McGill, N. & McLeod, S. (2019, in press March). Aspirations for a website to support families’ active waiting for speech-language pathology. International Journal of Speech-Language Pathology.
It forms part of Nicole McGill's PhD and describes research undertaken as part of NSW Health Translational Research Grants Scheme grant "Waiting for Speech Pathology: Advice versus Device" awarded to Emily Davis, Sharynne McLeod, Katrina Rohr, Angela Roberts, Nicole McGill, and Katherine Miller. Congratulations!
Here is the abstract:
Purpose: Children sometimes wait 12 months or longer to access speech-language pathology services. Information on websites may support families’ active waiting for speech-language pathology; however, there are few user-friendly, evidence-based websites specifically designed for children and families for this purpose. The current study aimed to: (1) ascertain appropriate website content, format, features, and functions; (2) evaluate the quality of existing speech and language sites; and (3) obtain feedback on a prototype website.
Method: A 3-stage explanatory sequential mixed methods design was employed. Stage 1 involved 119 participants completing an online questionnaire recommending website content, format, features, and functions. Stage 2 involved evaluating the quality of 25 online sites about children’s speech and language. Stage 3 involved focus groups with 16 participants to explore aspirations and feedback on a website to support active waiting.

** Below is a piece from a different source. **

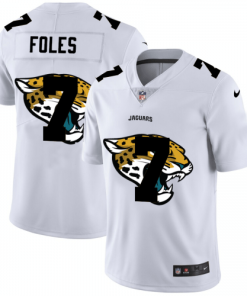 Jacksonville Jacksonville Jaguars #7 Nick Foles White Men's Nike Team Logo Dual Overlap Limited NFL Jersey Men's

Result: Participants wanted information about strategies to stimulate children’s speech and language development, typical development, and services to access while waiting; simple web architecture, and high readability. High scoring sites contained evidence-based information from trustworthy sources. Strategies from the theory of preparative waiting arose in the focus groups (Giske & Gjengedal, 2007).
Conclusion: High-quality sites about children’s speech and language included easily identifiable, trustworthy sources of information. The theory of preparative waiting may be a viable framework informing waiting for speech-language pathology for children with speech and language difficulties.